- **ACTIVITY**: The answer should consist of all the records, written out word for word.

═════ INPUT FOR THIS TASK ═════

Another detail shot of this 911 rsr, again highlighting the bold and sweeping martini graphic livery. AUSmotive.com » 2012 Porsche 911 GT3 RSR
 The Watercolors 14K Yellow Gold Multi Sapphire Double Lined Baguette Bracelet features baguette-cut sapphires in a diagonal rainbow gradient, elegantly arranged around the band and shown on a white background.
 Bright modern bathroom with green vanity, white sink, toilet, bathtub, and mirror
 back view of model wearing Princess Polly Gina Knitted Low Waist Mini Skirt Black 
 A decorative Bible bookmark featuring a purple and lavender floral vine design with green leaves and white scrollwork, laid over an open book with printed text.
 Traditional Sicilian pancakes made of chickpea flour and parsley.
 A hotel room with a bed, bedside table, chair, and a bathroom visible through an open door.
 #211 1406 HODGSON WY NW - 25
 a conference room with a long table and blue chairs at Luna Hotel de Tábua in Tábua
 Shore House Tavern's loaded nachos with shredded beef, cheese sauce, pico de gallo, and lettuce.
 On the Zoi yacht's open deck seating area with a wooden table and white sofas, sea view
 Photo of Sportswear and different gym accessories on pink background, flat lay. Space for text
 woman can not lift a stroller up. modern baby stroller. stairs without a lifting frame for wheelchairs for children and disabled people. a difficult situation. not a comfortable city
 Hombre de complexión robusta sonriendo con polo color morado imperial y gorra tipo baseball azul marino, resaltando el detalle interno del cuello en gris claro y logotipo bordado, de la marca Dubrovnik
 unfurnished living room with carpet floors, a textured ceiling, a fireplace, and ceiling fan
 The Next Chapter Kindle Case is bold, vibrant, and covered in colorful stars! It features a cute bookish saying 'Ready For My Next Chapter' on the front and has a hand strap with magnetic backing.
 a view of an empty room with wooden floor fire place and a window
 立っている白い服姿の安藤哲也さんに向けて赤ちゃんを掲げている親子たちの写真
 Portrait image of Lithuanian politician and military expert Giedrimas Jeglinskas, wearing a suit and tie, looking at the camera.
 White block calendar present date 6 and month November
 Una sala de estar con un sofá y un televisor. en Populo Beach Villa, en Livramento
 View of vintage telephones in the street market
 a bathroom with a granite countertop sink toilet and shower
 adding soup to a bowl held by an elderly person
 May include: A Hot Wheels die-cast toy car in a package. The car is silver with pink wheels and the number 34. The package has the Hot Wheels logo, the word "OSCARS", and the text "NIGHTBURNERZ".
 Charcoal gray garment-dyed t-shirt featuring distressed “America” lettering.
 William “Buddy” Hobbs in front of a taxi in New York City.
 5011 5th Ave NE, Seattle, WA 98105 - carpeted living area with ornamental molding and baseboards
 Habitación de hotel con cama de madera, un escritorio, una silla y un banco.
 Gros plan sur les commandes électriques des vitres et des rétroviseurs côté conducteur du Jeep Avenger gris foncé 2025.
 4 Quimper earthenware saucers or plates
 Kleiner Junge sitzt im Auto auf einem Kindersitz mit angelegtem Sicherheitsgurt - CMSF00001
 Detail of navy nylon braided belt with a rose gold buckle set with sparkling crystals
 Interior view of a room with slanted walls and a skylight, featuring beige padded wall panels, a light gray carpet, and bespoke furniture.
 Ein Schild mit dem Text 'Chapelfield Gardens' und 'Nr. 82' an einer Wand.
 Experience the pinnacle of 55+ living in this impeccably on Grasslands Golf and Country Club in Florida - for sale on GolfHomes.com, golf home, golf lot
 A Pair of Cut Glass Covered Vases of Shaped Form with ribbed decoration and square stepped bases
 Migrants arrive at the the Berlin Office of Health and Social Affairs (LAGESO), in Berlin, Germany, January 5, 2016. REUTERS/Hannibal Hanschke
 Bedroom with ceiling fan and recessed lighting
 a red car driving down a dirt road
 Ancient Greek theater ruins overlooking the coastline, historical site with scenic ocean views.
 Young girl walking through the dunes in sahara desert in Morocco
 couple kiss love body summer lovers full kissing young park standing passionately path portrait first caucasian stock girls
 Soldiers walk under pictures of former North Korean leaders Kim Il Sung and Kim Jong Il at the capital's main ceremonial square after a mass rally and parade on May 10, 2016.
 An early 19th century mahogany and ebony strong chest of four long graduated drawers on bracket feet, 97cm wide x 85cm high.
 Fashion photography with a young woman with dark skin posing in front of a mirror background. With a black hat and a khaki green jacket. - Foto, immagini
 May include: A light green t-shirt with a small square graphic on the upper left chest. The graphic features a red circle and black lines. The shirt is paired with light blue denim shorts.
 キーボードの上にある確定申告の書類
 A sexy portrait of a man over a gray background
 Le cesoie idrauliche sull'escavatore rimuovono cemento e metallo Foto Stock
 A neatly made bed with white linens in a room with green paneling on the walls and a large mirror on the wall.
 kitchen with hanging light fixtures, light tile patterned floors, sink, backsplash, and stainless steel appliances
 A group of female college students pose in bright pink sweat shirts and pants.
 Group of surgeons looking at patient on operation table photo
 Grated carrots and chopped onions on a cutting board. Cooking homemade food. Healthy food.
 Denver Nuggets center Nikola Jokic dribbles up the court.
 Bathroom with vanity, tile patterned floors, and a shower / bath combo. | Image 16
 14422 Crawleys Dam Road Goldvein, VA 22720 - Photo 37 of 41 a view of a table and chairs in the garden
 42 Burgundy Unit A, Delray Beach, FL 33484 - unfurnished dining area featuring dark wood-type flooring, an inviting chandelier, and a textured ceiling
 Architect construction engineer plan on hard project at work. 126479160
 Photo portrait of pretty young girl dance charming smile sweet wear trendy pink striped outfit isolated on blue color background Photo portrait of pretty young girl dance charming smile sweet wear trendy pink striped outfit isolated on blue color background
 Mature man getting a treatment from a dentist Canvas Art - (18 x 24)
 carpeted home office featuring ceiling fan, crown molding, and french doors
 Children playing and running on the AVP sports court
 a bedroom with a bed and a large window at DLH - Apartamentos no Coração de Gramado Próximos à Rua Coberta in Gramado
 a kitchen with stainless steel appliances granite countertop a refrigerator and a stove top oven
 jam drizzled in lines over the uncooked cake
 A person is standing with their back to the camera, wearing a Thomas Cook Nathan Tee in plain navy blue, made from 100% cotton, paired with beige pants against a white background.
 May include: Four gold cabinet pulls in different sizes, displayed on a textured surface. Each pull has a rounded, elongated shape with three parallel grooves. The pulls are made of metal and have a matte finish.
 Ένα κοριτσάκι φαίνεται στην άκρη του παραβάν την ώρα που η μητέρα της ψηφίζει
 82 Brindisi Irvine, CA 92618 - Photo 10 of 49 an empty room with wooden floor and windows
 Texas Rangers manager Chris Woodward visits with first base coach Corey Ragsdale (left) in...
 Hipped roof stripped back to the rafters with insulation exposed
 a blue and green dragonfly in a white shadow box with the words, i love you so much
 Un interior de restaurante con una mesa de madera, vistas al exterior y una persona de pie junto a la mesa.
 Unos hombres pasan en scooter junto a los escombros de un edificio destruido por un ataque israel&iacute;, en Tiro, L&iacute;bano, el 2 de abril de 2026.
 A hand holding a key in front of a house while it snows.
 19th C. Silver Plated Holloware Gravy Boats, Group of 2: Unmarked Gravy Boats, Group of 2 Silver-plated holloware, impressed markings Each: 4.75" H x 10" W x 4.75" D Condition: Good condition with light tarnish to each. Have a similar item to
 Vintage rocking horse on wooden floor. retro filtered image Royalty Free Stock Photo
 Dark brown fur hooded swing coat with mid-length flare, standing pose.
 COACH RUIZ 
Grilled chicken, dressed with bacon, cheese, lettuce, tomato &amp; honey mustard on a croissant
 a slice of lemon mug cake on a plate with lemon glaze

═════

- **FINAL ANSWER**:
Another detail shot of this 911 rsr, again highlighting the bold and sweeping martini graphic livery. AUSmotive.com » 2012 Porsche 911 GT3 RSR
 The Watercolors 14K Yellow Gold Multi Sapphire Double Lined Baguette Bracelet features baguette-cut sapphires in a diagonal rainbow gradient, elegantly arranged around the band and shown on a white background.
 Bright modern bathroom with green vanity, white sink, toilet, bathtub, and mirror
 back view of model wearing Princess Polly Gina Knitted Low Waist Mini Skirt Black 
 A decorative Bible bookmark featuring a purple and lavender floral vine design with green leaves and white scrollwork, laid over an open book with printed text.
 Traditional Sicilian pancakes made of chickpea flour and parsley.
 A hotel room with a bed, bedside table, chair, and a bathroom visible through an open door.
 #211 1406 HODGSON WY NW - 25
 a conference room with a long table and blue chairs at Luna Hotel de Tábua in Tábua
 Shore House Tavern's loaded nachos with shredded beef, cheese sauce, pico de gallo, and lettuce.
 On the Zoi yacht's open deck seating area with a wooden table and white sofas, sea view
 Photo of Sportswear and different gym accessories on pink background, flat lay. Space for text
 woman can not lift a stroller up. modern baby stroller. stairs without a lifting frame for wheelchairs for children and disabled people. a difficult situation. not a comfortable city
 Hombre de complexión robusta sonriendo con polo color morado imperial y gorra tipo baseball azul marino, resaltando el detalle interno del cuello en gris claro y logotipo bordado, de la marca Dubrovnik
 unfurnished living room with carpet floors, a textured ceiling, a fireplace, and ceiling fan
 The Next Chapter Kindle Case is bold, vibrant, and covered in colorful stars! It features a cute bookish saying 'Ready For My Next Chapter' on the front and has a hand strap with magnetic backing.
 a view of an empty room with wooden floor fire place and a window
 立っている白い服姿の安藤哲也さんに向けて赤ちゃんを掲げている親子たちの写真
 Portrait image of Lithuanian politician and military expert Giedrimas Jeglinskas, wearing a suit and tie, looking at the camera.
 White block calendar present date 6 and month November
 Una sala de estar con un sofá y un televisor. en Populo Beach Villa, en Livramento
 View of vintage telephones in the street market
 a bathroom with a granite countertop sink toilet and shower
 adding soup to a bowl held by an elderly person
 May include: A Hot Wheels die-cast toy car in a package. The car is silver with pink wheels and the number 34. The package has the Hot Wheels logo, the word "OSCARS", and the text "NIGHTBURNERZ".
 Charcoal gray garment-dyed t-shirt featuring distressed “America” lettering.
 William “Buddy” Hobbs in front of a taxi in New York City.
 5011 5th Ave NE, Seattle, WA 98105 - carpeted living area with ornamental molding and baseboards
 Habitación de hotel con cama de madera, un escritorio, una silla y un banco.
 Gros plan sur les commandes électriques des vitres et des rétroviseurs côté conducteur du Jeep Avenger gris foncé 2025.
 4 Quimper earthenware saucers or plates
 Kleiner Junge sitzt im Auto auf einem Kindersitz mit angelegtem Sicherheitsgurt - CMSF00001
 Detail of navy nylon braided belt with a rose gold buckle set with sparkling crystals
 Interior view of a room with slanted walls and a skylight, featuring beige padded wall panels, a light gray carpet, and bespoke furniture.
 Ein Schild mit dem Text 'Chapelfield Gardens' und 'Nr. 82' an einer Wand.
 Experience the pinnacle of 55+ living in this impeccably on Grasslands Golf and Country Club in Florida - for sale on GolfHomes.com, golf home, golf lot
 A Pair of Cut Glass Covered Vases of Shaped Form with ribbed decoration and square stepped bases
 Migrants arrive at the the Berlin Office of Health and Social Affairs (LAGESO), in Berlin, Germany, January 5, 2016. REUTERS/Hannibal Hanschke
 Bedroom with ceiling fan and recessed lighting
 a red car driving down a dirt road
 Ancient Greek theater ruins overlooking the coastline, historical site with scenic ocean views.
 Young girl walking through the dunes in sahara desert in Morocco
 couple kiss love body summer lovers full kissing young park standing passionately path portrait first caucasian stock girls
 Soldiers walk under pictures of former North Korean leaders Kim Il Sung and Kim Jong Il at the capital's main ceremonial square after a mass rally and parade on May 10, 2016.
 An early 19th century mahogany and ebony strong chest of four long graduated drawers on bracket feet, 97cm wide x 85cm high.
 Fashion photography with a young woman with dark skin posing in front of a mirror background. With a black hat and a khaki green jacket. - Foto, immagini
 May include: A light green t-shirt with a small square graphic on the upper left chest. The graphic features a red circle and black lines. The shirt is paired with light blue denim shorts.
 キーボードの上にある確定申告の書類
 A sexy portrait of a man over a gray background
 Le cesoie idrauliche sull'escavatore rimuovono cemento e metallo Foto Stock
 A neatly made bed with white linens in a room with green paneling on the walls and a large mirror on the wall.
 kitchen with hanging light fixtures, light tile patterned floors, sink, backsplash, and stainless steel appliances
 A group of female college students pose in bright pink sweat shirts and pants.
 Group of surgeons looking at patient on operation table photo
 Grated carrots and chopped onions on a cutting board. Cooking homemade food. Healthy food.
 Denver Nuggets center Nikola Jokic dribbles up the court.
 Bathroom with vanity, tile patterned floors, and a shower / bath combo. | Image 16
 14422 Crawleys Dam Road Goldvein, VA 22720 - Photo 37 of 41 a view of a table and chairs in the garden
 42 Burgundy Unit A, Delray Beach, FL 33484 - unfurnished dining area featuring dark wood-type flooring, an inviting chandelier, and a textured ceiling
 Architect construction engineer plan on hard project at work. 126479160
 Photo portrait of pretty young girl dance charming smile sweet wear trendy pink striped outfit isolated on blue color background Photo portrait of pretty young girl dance charming smile sweet wear trendy pink striped outfit isolated on blue color background
 Mature man getting a treatment from a dentist Canvas Art - (18 x 24)
 carpeted home office featuring ceiling fan, crown molding, and french doors
 Children playing and running on the AVP sports court
 a bedroom with a bed and a large window at DLH - Apartamentos no Coração de Gramado Próximos à Rua Coberta in Gramado
 a kitchen with stainless steel appliances granite countertop a refrigerator and a stove top oven
 jam drizzled in lines over the uncooked cake
 A person is standing with their back to the camera, wearing a Thomas Cook Nathan Tee in plain navy blue, made from 100% cotton, paired with beige pants against a white background.
 May include: Four gold cabinet pulls in different sizes, displayed on a textured surface. Each pull has a rounded, elongated shape with three parallel grooves. The pulls are made of metal and have a matte finish.
 Ένα κοριτσάκι φαίνεται στην άκρη του παραβάν την ώρα που η μητέρα της ψηφίζει
 82 Brindisi Irvine, CA 92618 - Photo 10 of 49 an empty room with wooden floor and windows
 Texas Rangers manager Chris Woodward visits with first base coach Corey Ragsdale (left) in...
 Hipped roof stripped back to the rafters with insulation exposed
 a blue and green dragonfly in a white shadow box with the words, i love you so much
 Un interior de restaurante con una mesa de madera, vistas al exterior y una persona de pie junto a la mesa.
 Unos hombres pasan en scooter junto a los escombros de un edificio destruido por un ataque israel&iacute;, en Tiro, L&iacute;bano, el 2 de abril de 2026.
 A hand holding a key in front of a house while it snows.
 19th C. Silver Plated Holloware Gravy Boats, Group of 2: Unmarked Gravy Boats, Group of 2 Silver-plated holloware, impressed markings Each: 4.75" H x 10" W x 4.75" D Condition: Good condition with light tarnish to each. Have a similar item to
 Vintage rocking horse on wooden floor. retro filtered image Royalty Free Stock Photo
 Dark brown fur hooded swing coat with mid-length flare, standing pose.
 COACH RUIZ 
Grilled chicken, dressed with bacon, cheese, lettuce, tomato &amp; honey mustard on a croissant
 a slice of lemon mug cake on a plate with lemon glaze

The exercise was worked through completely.